=== Provided data ===
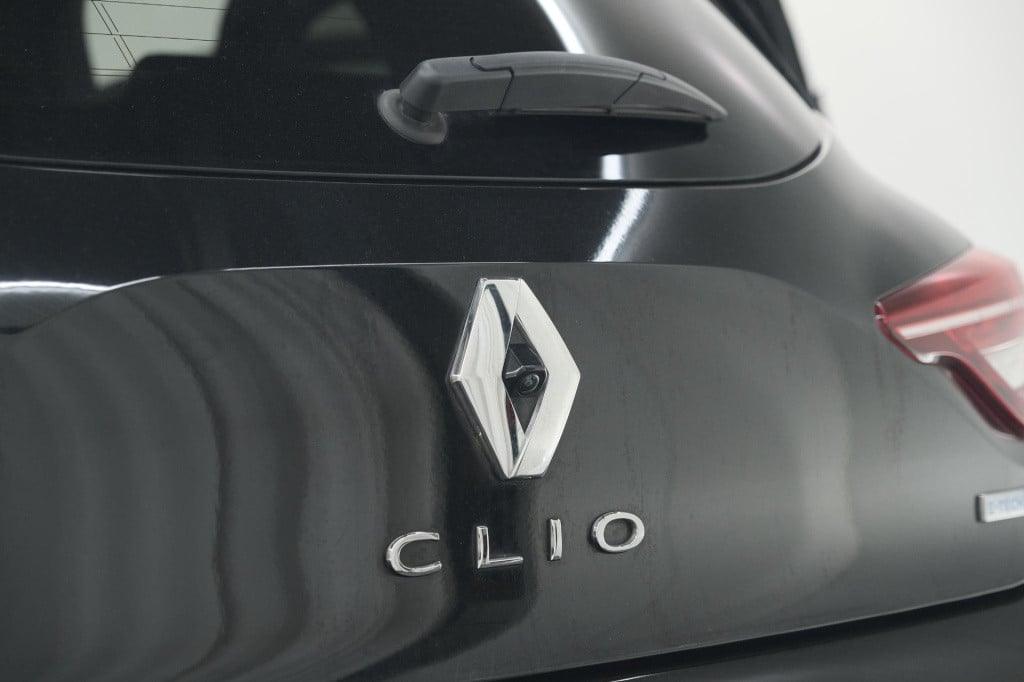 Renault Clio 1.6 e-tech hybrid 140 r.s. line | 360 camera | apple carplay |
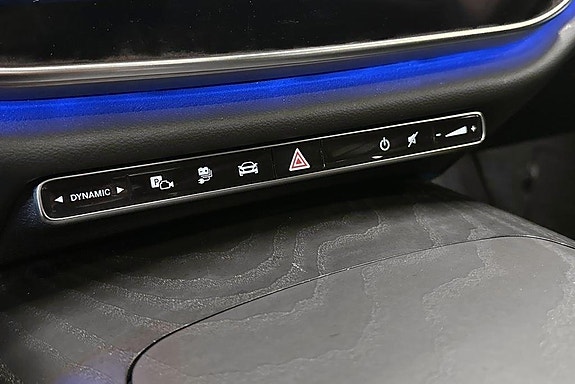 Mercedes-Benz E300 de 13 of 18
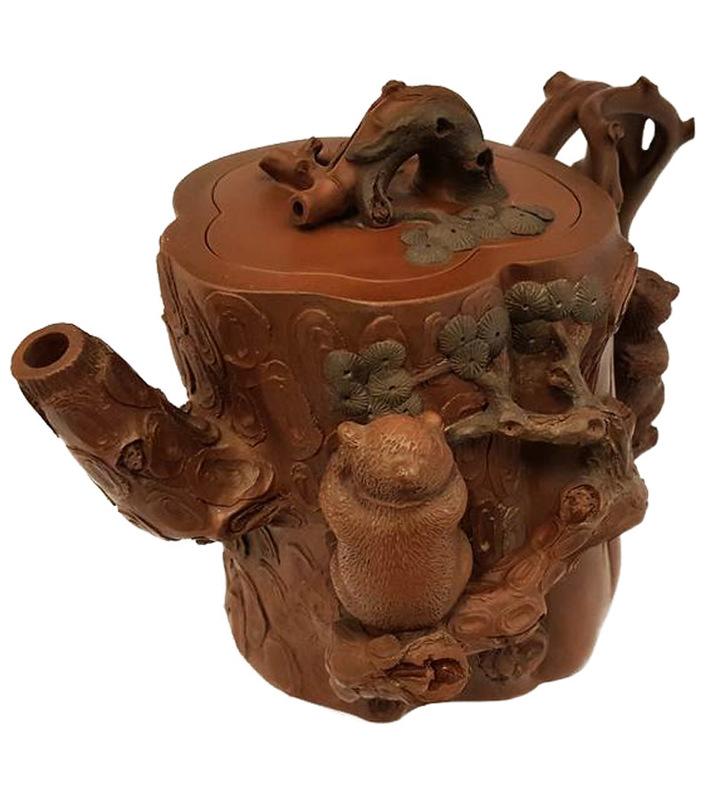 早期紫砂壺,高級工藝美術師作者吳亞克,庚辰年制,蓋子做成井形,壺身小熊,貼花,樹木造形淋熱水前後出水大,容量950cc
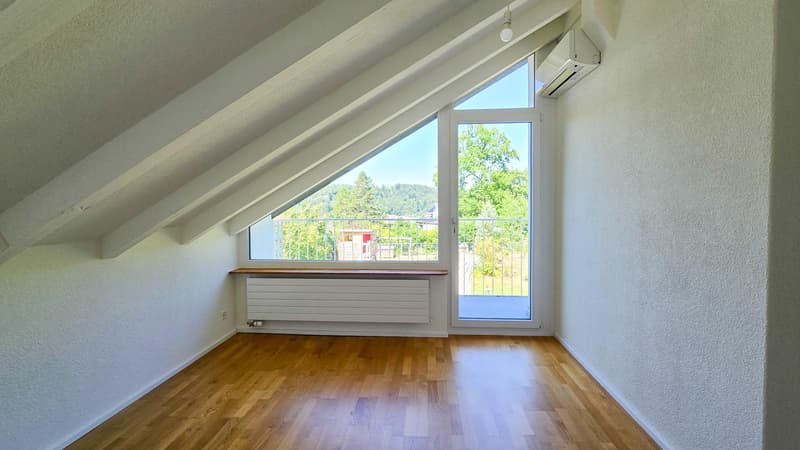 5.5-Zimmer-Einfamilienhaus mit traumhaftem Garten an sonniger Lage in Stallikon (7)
===
→ Task prompt: Every line of the listing above is to be set down verbatim, without the pictures.

→ Final answer:
 Renault Clio 1.6 e-tech hybrid 140 r.s. line | 360 camera | apple carplay |
 Mercedes-Benz E300 de 13 of 18
 早期紫砂壺,高級工藝美術師作者吳亞克,庚辰年制,蓋子做成井形,壺身小熊,貼花,樹木造形淋熱水前後出水大,容量950cc
 5.5-Zimmer-Einfamilienhaus mit traumhaftem Garten an sonniger Lage in Stallikon (7)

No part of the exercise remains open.